Task prompt: Set down every line of the data, unchanged and complete.

Stored items from a collection:
------
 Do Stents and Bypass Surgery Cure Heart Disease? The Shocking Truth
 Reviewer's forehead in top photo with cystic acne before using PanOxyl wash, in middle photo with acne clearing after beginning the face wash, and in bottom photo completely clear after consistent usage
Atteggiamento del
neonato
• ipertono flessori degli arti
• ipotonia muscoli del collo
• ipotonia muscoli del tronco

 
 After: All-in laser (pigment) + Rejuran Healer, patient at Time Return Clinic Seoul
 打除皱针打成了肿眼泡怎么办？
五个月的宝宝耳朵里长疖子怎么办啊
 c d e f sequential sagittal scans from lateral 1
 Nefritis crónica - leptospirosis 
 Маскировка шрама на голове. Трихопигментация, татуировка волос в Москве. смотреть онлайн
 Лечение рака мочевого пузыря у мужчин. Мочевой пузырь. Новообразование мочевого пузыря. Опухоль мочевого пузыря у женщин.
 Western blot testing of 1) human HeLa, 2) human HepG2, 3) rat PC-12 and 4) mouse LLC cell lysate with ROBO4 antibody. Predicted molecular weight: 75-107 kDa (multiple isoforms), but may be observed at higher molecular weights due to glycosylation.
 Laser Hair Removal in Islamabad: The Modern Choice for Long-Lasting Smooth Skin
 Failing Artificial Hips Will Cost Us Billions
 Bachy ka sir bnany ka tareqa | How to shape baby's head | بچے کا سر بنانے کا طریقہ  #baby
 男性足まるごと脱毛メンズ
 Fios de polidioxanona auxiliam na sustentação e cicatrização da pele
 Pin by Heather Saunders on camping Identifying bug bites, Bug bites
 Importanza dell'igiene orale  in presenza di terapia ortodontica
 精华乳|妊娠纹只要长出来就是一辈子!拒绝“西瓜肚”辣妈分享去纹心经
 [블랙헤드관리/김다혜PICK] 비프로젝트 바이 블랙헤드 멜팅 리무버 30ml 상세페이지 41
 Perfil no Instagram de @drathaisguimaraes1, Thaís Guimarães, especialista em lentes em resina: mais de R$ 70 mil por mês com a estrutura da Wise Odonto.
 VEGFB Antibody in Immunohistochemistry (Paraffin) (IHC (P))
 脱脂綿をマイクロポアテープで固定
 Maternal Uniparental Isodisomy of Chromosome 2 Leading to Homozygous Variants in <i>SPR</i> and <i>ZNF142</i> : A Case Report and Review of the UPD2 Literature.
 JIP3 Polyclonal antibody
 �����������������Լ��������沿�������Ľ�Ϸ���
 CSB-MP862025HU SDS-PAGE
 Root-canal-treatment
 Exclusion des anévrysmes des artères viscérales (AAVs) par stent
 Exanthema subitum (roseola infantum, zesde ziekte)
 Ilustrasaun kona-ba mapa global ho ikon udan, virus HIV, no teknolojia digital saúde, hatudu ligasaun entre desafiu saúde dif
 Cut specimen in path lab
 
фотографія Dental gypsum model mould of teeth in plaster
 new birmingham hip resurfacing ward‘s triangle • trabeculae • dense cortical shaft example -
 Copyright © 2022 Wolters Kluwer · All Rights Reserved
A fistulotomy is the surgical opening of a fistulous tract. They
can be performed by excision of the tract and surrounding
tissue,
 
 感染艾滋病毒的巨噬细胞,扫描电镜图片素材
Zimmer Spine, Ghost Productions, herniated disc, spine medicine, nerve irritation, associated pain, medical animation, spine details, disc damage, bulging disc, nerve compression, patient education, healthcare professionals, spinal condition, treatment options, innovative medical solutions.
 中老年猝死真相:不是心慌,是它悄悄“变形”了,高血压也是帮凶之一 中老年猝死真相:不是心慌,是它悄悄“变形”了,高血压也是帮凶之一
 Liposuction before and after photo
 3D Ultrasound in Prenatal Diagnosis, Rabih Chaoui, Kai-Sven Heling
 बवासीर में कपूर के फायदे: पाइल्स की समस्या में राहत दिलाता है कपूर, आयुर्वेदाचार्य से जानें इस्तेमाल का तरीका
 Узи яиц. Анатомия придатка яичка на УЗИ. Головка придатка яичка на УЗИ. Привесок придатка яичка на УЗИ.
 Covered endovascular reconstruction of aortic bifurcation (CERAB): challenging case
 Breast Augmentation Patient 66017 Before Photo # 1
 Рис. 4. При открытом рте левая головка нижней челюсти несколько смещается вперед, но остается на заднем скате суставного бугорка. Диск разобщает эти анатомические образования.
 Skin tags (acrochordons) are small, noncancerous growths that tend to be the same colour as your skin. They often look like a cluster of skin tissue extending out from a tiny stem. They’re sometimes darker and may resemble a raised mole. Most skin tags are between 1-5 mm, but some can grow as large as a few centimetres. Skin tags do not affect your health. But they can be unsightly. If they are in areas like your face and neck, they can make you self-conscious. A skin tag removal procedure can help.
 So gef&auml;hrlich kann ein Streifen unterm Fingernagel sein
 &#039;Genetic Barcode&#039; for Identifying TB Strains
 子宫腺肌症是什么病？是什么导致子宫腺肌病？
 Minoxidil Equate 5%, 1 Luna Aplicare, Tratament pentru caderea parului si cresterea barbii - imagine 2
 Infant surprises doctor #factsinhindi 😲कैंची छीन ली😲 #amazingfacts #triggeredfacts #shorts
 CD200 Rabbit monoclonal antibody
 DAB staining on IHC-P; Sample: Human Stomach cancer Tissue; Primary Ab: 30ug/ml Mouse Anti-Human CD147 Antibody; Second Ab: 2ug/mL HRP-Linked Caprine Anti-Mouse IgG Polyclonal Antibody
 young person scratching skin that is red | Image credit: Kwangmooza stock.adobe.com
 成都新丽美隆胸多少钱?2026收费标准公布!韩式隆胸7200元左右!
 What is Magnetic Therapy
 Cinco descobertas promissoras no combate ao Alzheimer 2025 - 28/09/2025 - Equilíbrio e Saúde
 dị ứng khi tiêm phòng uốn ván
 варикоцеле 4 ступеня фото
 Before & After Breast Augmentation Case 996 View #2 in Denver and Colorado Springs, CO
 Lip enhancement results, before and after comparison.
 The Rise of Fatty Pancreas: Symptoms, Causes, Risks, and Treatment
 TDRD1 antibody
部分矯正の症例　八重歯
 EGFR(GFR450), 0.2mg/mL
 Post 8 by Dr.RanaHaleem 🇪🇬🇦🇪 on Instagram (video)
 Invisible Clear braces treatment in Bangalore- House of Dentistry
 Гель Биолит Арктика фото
------
Worked solution:
 Do Stents and Bypass Surgery Cure Heart Disease? The Shocking Truth
 Reviewer's forehead in top photo with cystic acne before using PanOxyl wash, in middle photo with acne clearing after beginning the face wash, and in bottom photo completely clear after consistent usage
Atteggiamento del
neonato
• ipertono flessori degli arti
• ipotonia muscoli del collo
• ipotonia muscoli del tronco

 
 After: All-in laser (pigment) + Rejuran Healer, patient at Time Return Clinic Seoul
 打除皱针打成了肿眼泡怎么办？
五个月的宝宝耳朵里长疖子怎么办啊
 c d e f sequential sagittal scans from lateral 1
 Nefritis crónica - leptospirosis 
 Маскировка шрама на голове. Трихопигментация, татуировка волос в Москве. смотреть онлайн
 Лечение рака мочевого пузыря у мужчин. Мочевой пузырь. Новообразование мочевого пузыря. Опухоль мочевого пузыря у женщин.
 Western blot testing of 1) human HeLa, 2) human HepG2, 3) rat PC-12 and 4) mouse LLC cell lysate with ROBO4 antibody. Predicted molecular weight: 75-107 kDa (multiple isoforms), but may be observed at higher molecular weights due to glycosylation.
 Laser Hair Removal in Islamabad: The Modern Choice for Long-Lasting Smooth Skin
 Failing Artificial Hips Will Cost Us Billions
 Bachy ka sir bnany ka tareqa | How to shape baby's head | بچے کا سر بنانے کا طریقہ  #baby
 男性足まるごと脱毛メンズ
 Fios de polidioxanona auxiliam na sustentação e cicatrização da pele
 Pin by Heather Saunders on camping Identifying bug bites, Bug bites
 Importanza dell'igiene orale  in presenza di terapia ortodontica
 精华乳|妊娠纹只要长出来就是一辈子!拒绝“西瓜肚”辣妈分享去纹心经
 [블랙헤드관리/김다혜PICK] 비프로젝트 바이 블랙헤드 멜팅 리무버 30ml 상세페이지 41
 Perfil no Instagram de @drathaisguimaraes1, Thaís Guimarães, especialista em lentes em resina: mais de R$ 70 mil por mês com a estrutura da Wise Odonto.
 VEGFB Antibody in Immunohistochemistry (Paraffin) (IHC (P))
 脱脂綿をマイクロポアテープで固定
 Maternal Uniparental Isodisomy of Chromosome 2 Leading to Homozygous Variants in <i>SPR</i> and <i>ZNF142</i> : A Case Report and Review of the UPD2 Literature.
 JIP3 Polyclonal antibody
 �����������������Լ��������沿�������Ľ�Ϸ���
 CSB-MP862025HU SDS-PAGE
 Root-canal-treatment
 Exclusion des anévrysmes des artères viscérales (AAVs) par stent
 Exanthema subitum (roseola infantum, zesde ziekte)
 Ilustrasaun kona-ba mapa global ho ikon udan, virus HIV, no teknolojia digital saúde, hatudu ligasaun entre desafiu saúde dif
 Cut specimen in path lab
 
фотографія Dental gypsum model mould of teeth in plaster
 new birmingham hip resurfacing ward‘s triangle • trabeculae • dense cortical shaft example -
 Copyright © 2022 Wolters Kluwer · All Rights Reserved
A fistulotomy is the surgical opening of a fistulous tract. They
can be performed by excision of the tract and surrounding
tissue,
 
 感染艾滋病毒的巨噬细胞,扫描电镜图片素材
Zimmer Spine, Ghost Productions, herniated disc, spine medicine, nerve irritation, associated pain, medical animation, spine details, disc damage, bulging disc, nerve compression, patient education, healthcare professionals, spinal condition, treatment options, innovative medical solutions.
 中老年猝死真相:不是心慌,是它悄悄“变形”了,高血压也是帮凶之一 中老年猝死真相:不是心慌,是它悄悄“变形”了,高血压也是帮凶之一
 Liposuction before and after photo
 3D Ultrasound in Prenatal Diagnosis, Rabih Chaoui, Kai-Sven Heling
 बवासीर में कपूर के फायदे: पाइल्स की समस्या में राहत दिलाता है कपूर, आयुर्वेदाचार्य से जानें इस्तेमाल का तरीका
 Узи яиц. Анатомия придатка яичка на УЗИ. Головка придатка яичка на УЗИ. Привесок придатка яичка на УЗИ.
 Covered endovascular reconstruction of aortic bifurcation (CERAB): challenging case
 Breast Augmentation Patient 66017 Before Photo # 1
 Рис. 4. При открытом рте левая головка нижней челюсти несколько смещается вперед, но остается на заднем скате суставного бугорка. Диск разобщает эти анатомические образования.
 Skin tags (acrochordons) are small, noncancerous growths that tend to be the same colour as your skin. They often look like a cluster of skin tissue extending out from a tiny stem. They’re sometimes darker and may resemble a raised mole. Most skin tags are between 1-5 mm, but some can grow as large as a few centimetres. Skin tags do not affect your health. But they can be unsightly. If they are in areas like your face and neck, they can make you self-conscious. A skin tag removal procedure can help.
 So gef&auml;hrlich kann ein Streifen unterm Fingernagel sein
 &#039;Genetic Barcode&#039; for Identifying TB Strains
 子宫腺肌症是什么病？是什么导致子宫腺肌病？
 Minoxidil Equate 5%, 1 Luna Aplicare, Tratament pentru caderea parului si cresterea barbii - imagine 2
 Infant surprises doctor #factsinhindi 😲कैंची छीन ली😲 #amazingfacts #triggeredfacts #shorts
 CD200 Rabbit monoclonal antibody
 DAB staining on IHC-P; Sample: Human Stomach cancer Tissue; Primary Ab: 30ug/ml Mouse Anti-Human CD147 Antibody; Second Ab: 2ug/mL HRP-Linked Caprine Anti-Mouse IgG Polyclonal Antibody
 young person scratching skin that is red | Image credit: Kwangmooza stock.adobe.com
 成都新丽美隆胸多少钱?2026收费标准公布!韩式隆胸7200元左右!
 What is Magnetic Therapy
 Cinco descobertas promissoras no combate ao Alzheimer 2025 - 28/09/2025 - Equilíbrio e Saúde
 dị ứng khi tiêm phòng uốn ván
 варикоцеле 4 ступеня фото
 Before & After Breast Augmentation Case 996 View #2 in Denver and Colorado Springs, CO
 Lip enhancement results, before and after comparison.
 The Rise of Fatty Pancreas: Symptoms, Causes, Risks, and Treatment
 TDRD1 antibody
部分矯正の症例　八重歯
 EGFR(GFR450), 0.2mg/mL
 Post 8 by Dr.RanaHaleem 🇪🇬🇦🇪 on Instagram (video)
 Invisible Clear braces treatment in Bangalore- House of Dentistry
 Гель Биолит Арктика фото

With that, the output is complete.